For a weekend break, Stockholm is pretty much a perfect destination. A compact and beautiful city, not overrun with tourists, with some excellent bars and restaurants, plenty of fine galleries and museums, and a mere two-and-a-half hours on BA from London City.
I went on a sunny weekend in autumn, the Baltic shimmering under blue skies, and took a tram to the island of Djurgården. This is home to several museums, including the magnificent Vasa Museum, which houses a 17th-century warship that sunk on her maiden voyage.
For fans of Sweden’s own Fab Four, there is also ABBA the Museum, worth visiting just for its collection of outrageous costumes; next door, the Melody Hotel has a smart little restaurant in which you can sip langoustine soup while you try to get Super Trouper out of your head.
Also on Djurgården is the lovely Rosendals Trädgård, a big organic garden that boasts a café, shop and bakery; and Stockholm’s best‑known chef, Mathias Dahlgren, tends one of its plots of land.
He has two restaurants in the Grand Hotel: the upscale Matsalen, which offers an eight-course tasting menu, and Matbaren (pictured), its laid-back, bistro-style sibling. The latter is a splendid place to discover Scandinavian ingredients refashioned by a master of his craft: Norwegian scallops, winningly matched with slices of raw, snowy-white mushrooms, white soy sauce and brown butter. Or deer heart from the south of Stockholm, blackened on the outside, tender and creamy within, scattered with cress, fennel and toasted-rye breadcrumbs.

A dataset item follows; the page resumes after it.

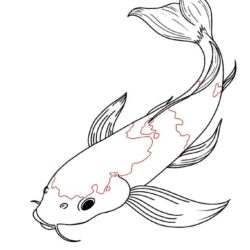 Coy Fish Drawing Creative Style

The vegetables are superb: broccoli served on pumpkin purée, strewn with hazelnuts and shavings of aromatic summer truffle. And sweet, earthy beetroot – from Rosendal – paired with goat’s cheese and black sesame seeds. Matbaren is not plush, but the food is joyously, upliftingly clean-flavoured.
Dahlgren is a contributor to the restaurant guide Where Chefs Eat, in which he recommends the fried Baltic herring at Strömmingsvagnen, a van parked near the Slussen Tunnelbana. The queues testify to its popularity; I cannot, because I tried another of his recommendations instead.
Amida Kolgril, in trendy Södermalm, is a small Turkish restaurant where kebabs are grilled over charcoal and anointed with a punchy chilli sauce. You need not be a chef on his day off to fall for the smoky, fatty charms of a shish – just don’t expect to have room for fried herring afterwards.